On this day in 1796. . .

Sixtieth in an occasional series of excerpts from Jane Austen's letters.


The record of Jane Austen’s thoughts, feelings, and opinions is so slender that it’s always tempting to invest even her throwaway comments with weighty significance. Such is arguably the trap that awaits the unwary reader of the letter that Jane Austen began writing to her sister, Cassandra, exactly 225 years ago today (#2 in Deirdre Le Faye’s standard edition of Austen’s correspondence).


For a change, I’m not referring to the gossipy bits – the four sentences in which the twenty-year-old Austen talks about her flirtation with visitor Tom Lefroy, whose brief romance with Austen has given rise to a tsunami of speculation, not to mention one very bad biopic.


No, I’m talking instead about a remark that Austen inserts in the midst of the tidbits of news concerning relatives and family friends that she is relaying to Cassandra, who was away from home visiting the family of her fiancé, Tom Fowle.

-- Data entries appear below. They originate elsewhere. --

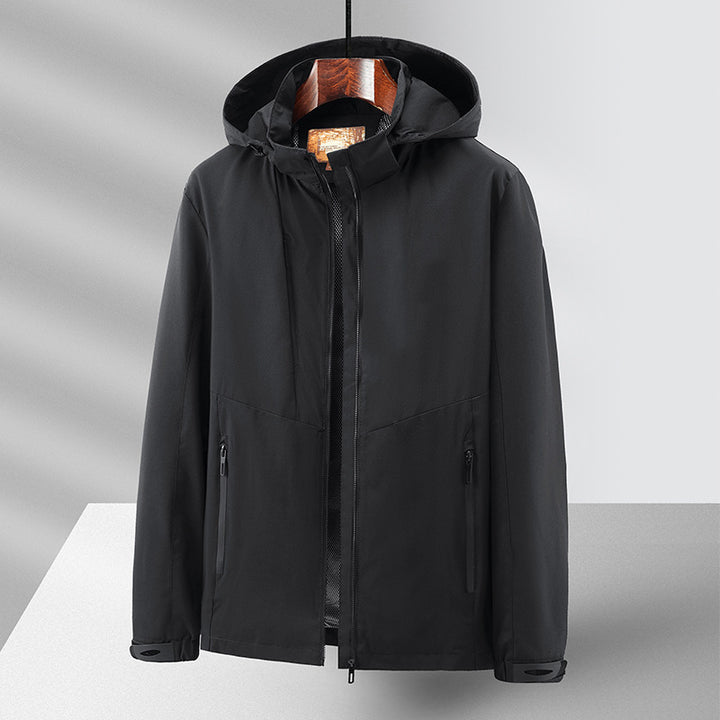 Herren Wetterfeste Outdoorjacke mit praktischer Kapuze Drune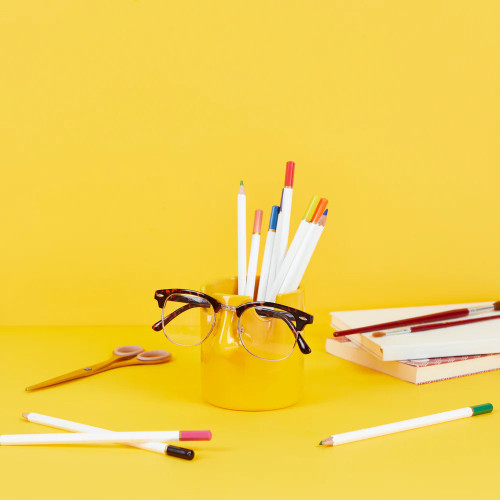Balvi | 'Nosey Buddy' Stationery & Glasses Holder | Mustard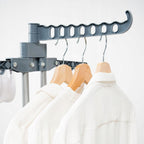 Pionowa suszarka na ubrania składana z kółkami 17 m powierzchni 40 kg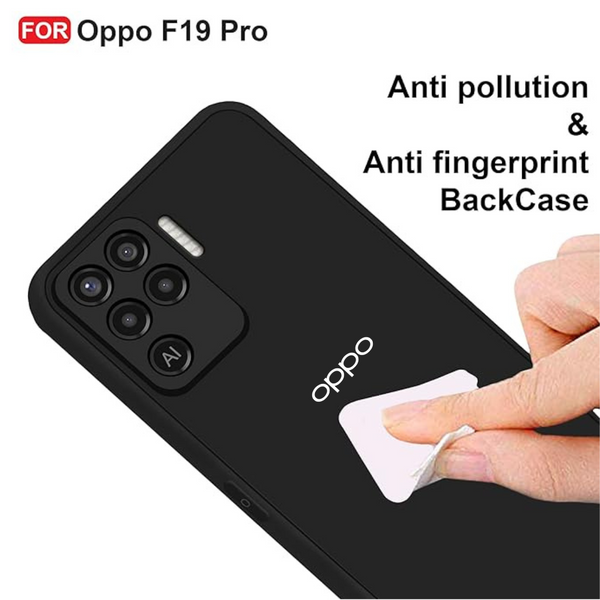 Black Candy Silicone Case for Oppo F19 Pro - The Hatke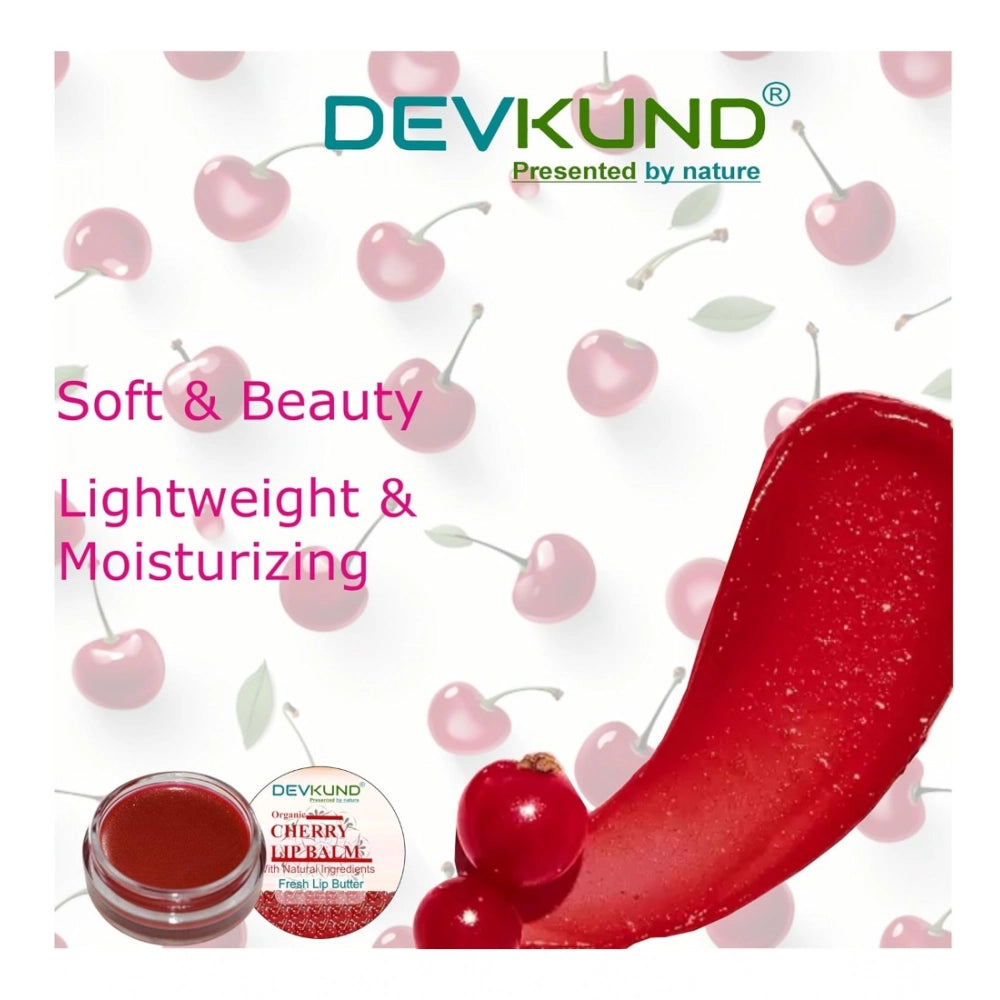 Generic Unisex Herbal Cherry Lip Balm for Dark & Chapped Lips 10g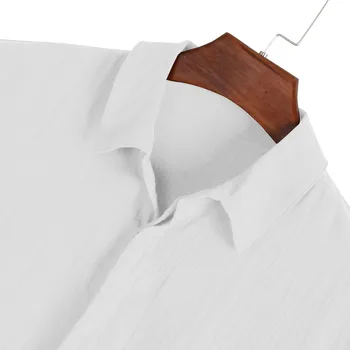 2020 Casual Barbati Largi Tricouri Bumbac in Amestec Camisa Masculina Solidă Maneca Lunga Retro Buzunar Bluze Bluza Harajuku Tricou Nou
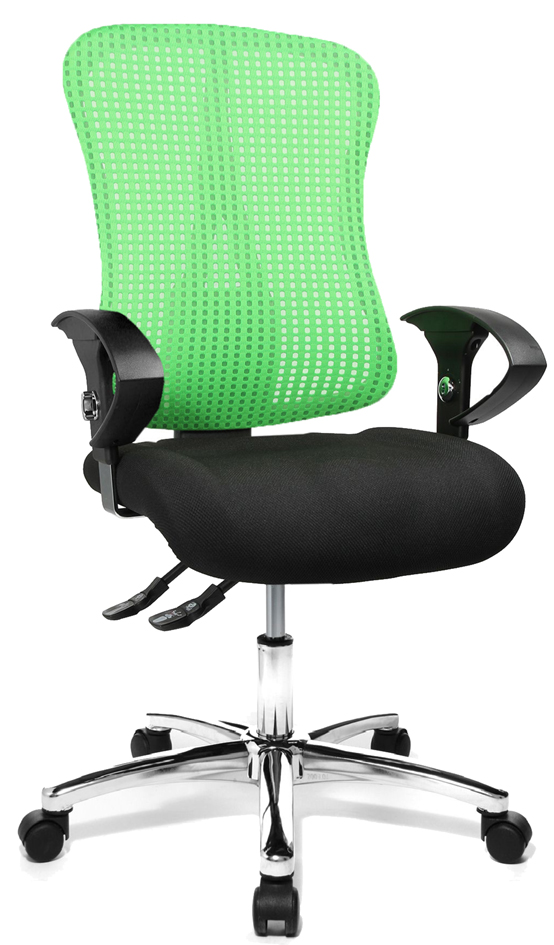Topstar Chaise de bureau pivotante 'Sitness 90', vert,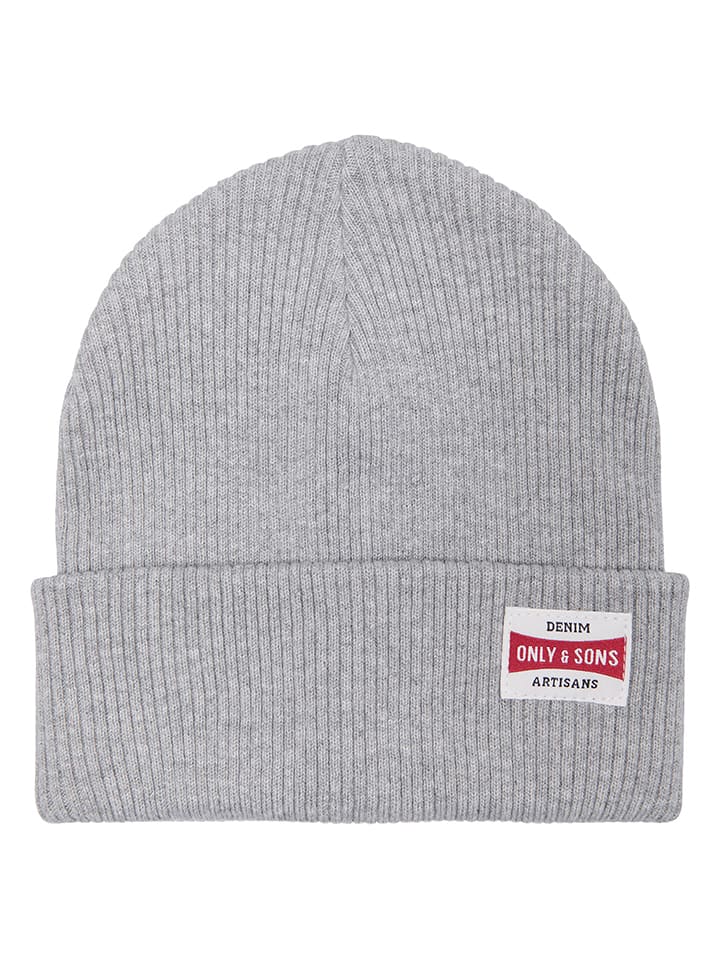 ONLY & SONS Junior Beanie in Grau - onesize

“I am very much flattered by your commendation of my last Letter,” Austen tells Cassandra, “for I write only for Fame, and without any view to pecuniary Emolument.”


In context, it seems clear that this line is a joke. No one expects payment for even the cleverest of letters, and praise from a doting sister hardly constitutes fame, so surely Austen intended to mock high literary pretensions. But this sentence is not infrequently (for example, here, here and here) cited as evidence that even the very young Austen understood her own genius and craved the world’s notice.


Maybe she did: A psychologist might argue that her remark to Cassandra, though couched as a joke, reveals a deeply held (if possibly unconscious) wish. Perhaps Austen was protecting herself from the sting of rejection by turning her ambitions into a joke. As usual, Austenian irony defeats our attempts to impose a single interpretation. Still, her nephew James Edward Austen-Leigh must surely have overstated the case when he wrote in his 1870 memoir, “I do not think that she was herself much mortified by the want of early success. She wrote for her own amusement.” If that were true, she would never have published.


Still, for the non-Freudians among us, the temptation to read dramatic literary self-assertion into a private joke between sisters probably says more about us than it does about Jane Austen. We crave a definitive statement of her hopes, fears, and desires. Lacking that, we’ll read all we can between her lines.